Consumable Resources in Slurm
Slurm, using the default node allocation plug-in, allocates nodes to jobs in exclusive mode. This means that even when all the resources within a node are not utilized by a given job, another job will not have access to these resources. Nodes possess resources such as processors, memory, swap, local disk, etc. and jobs consume these resources. The exclusive use default policy in Slurm can result in inefficient utilization of the cluster and of its nodes resources. Slurm's cons_tres plugin is available to manage resources on a much more fine-grained basis as described below.

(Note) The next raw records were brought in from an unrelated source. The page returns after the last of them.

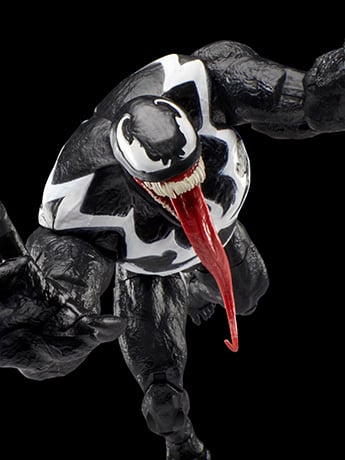 Marvel's Spider-Man 2 Marvel Legends Gamerverse Venom Deluxe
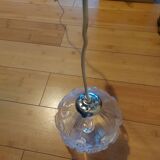 Vintage glass pendant lamp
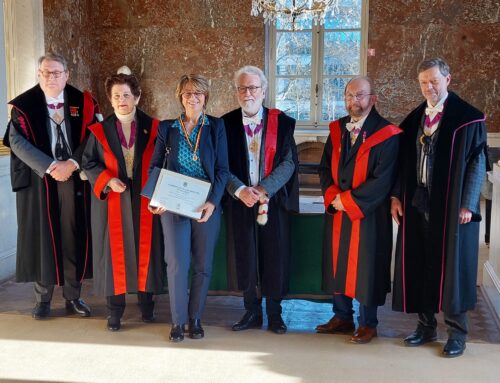 Prof. Myriam Taverna inducted into the Royal Academy of Medicine of Belgium, in Brussels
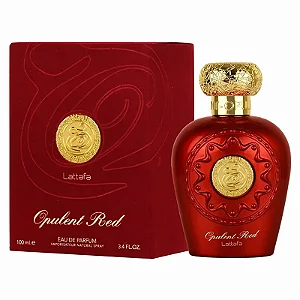 Opulent Red Lattafa - 100ml - Perfume Árabe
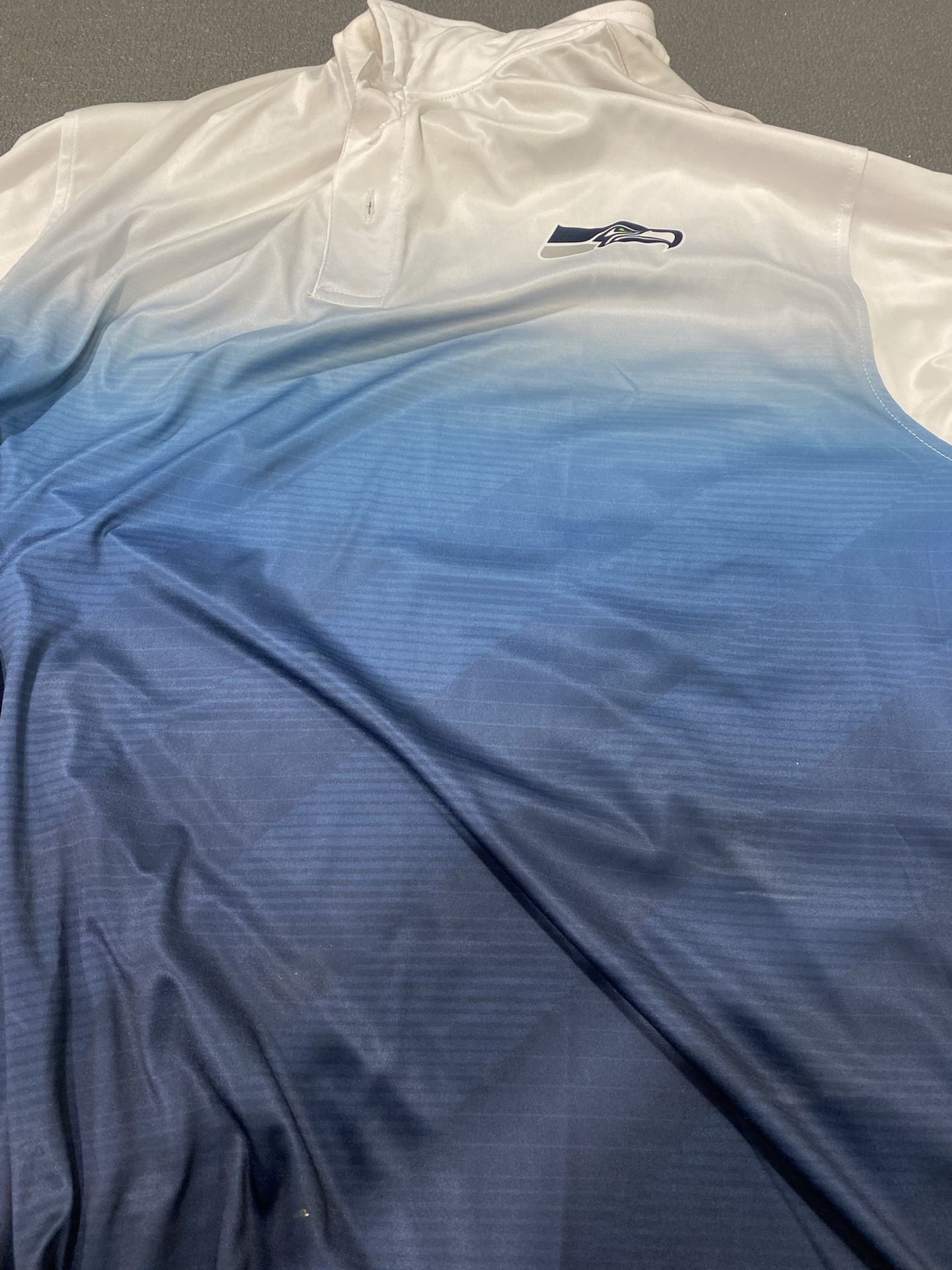 Seattle Seahawks 3XL polo shirt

Using the Consumable Trackable Resource Plugin: select/cons_tres
The Consumable Trackable Resources (cons_tres) plugin has been built to work with several resources. It can track a Board, Socket, Core, CPU, Memory as well as any combination of the logical processors with Memory:
- CPU (CR_CPU): CPU as a consumable resource.

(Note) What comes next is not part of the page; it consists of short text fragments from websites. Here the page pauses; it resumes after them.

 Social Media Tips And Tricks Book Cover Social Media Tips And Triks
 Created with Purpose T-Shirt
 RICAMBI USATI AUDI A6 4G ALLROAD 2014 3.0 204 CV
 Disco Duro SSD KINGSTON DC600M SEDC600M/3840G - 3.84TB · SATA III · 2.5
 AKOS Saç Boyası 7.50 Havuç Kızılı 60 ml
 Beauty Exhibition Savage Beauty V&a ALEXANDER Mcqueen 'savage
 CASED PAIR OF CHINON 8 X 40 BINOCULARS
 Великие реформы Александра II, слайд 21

- No notion of sockets, cores, or threads.
- On a multi-core system CPUs will be cores.
- On a multi-core/hyperthread system CPUs will be threads.
- On a single-core system CPUs are CPUs.
- Board (CR_Board): Baseboard as a consumable resource.

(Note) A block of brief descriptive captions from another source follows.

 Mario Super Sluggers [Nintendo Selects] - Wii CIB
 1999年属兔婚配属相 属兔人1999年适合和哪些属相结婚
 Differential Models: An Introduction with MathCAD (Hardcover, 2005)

- Socket (CR_Socket): Socket as a consumable resource. Core (CR_Core): Core as a consumable resource.
- Memory (CR_Memory) Memory only as a consumable resource. NOTE: CR_Memory assumes OverSubscribe=Yes
- Socket and Memory (CR_Socket_Memory): Socket and Memory as consumable resources.
- Core and Memory (CR_Core_Memory): Core and Memory as consumable resources.
- CPU and Memory (CR_CPU_Memory) CPU and Memory as consumable resources.
All CR_* parameters assume OverSubscribe=No or OverSubscribe=Force EXCEPT for CR_MEMORY which assumes OverSubscribe=Yes.
The cons_tres plugin also provides functionality specifically related to GPUs.
Additional parameters available for the cons_tres plugin:
- DefCpuPerGPU: Default number of CPUs allocated per GPU.
- DefMemPerGPU: Default amount of memory allocated per GPU.
Additional job submit options available for the cons_tres plugin:
- --cpus-per-gpu=: Number of CPUs for every GPU.
- --gpus=: Count of GPUs for entire job allocation.
- --gpu-bind=: Bind task to specific GPU(s).
- --gpu-freq=: Request specific GPU/memory frequencies.
- --gpus-per-node=: Number of GPUs per node.
- --gpus-per-socket=: Number of GPUs per socket.
- --gpus-per-task=: Number of GPUs per task.
- --mem-per-gpu=: Amount of memory for each GPU.
srun's -B extension for sockets, cores, and threads is ignored within the node allocation mechanism when CR_CPU or CR_CPU_MEMORY is selected. It is used to compute the total number of tasks when -n is not specified.
In the cases where Memory is a consumable resource, the RealMemory parameter must be set in the slurm.conf to define a node's amount of real memory.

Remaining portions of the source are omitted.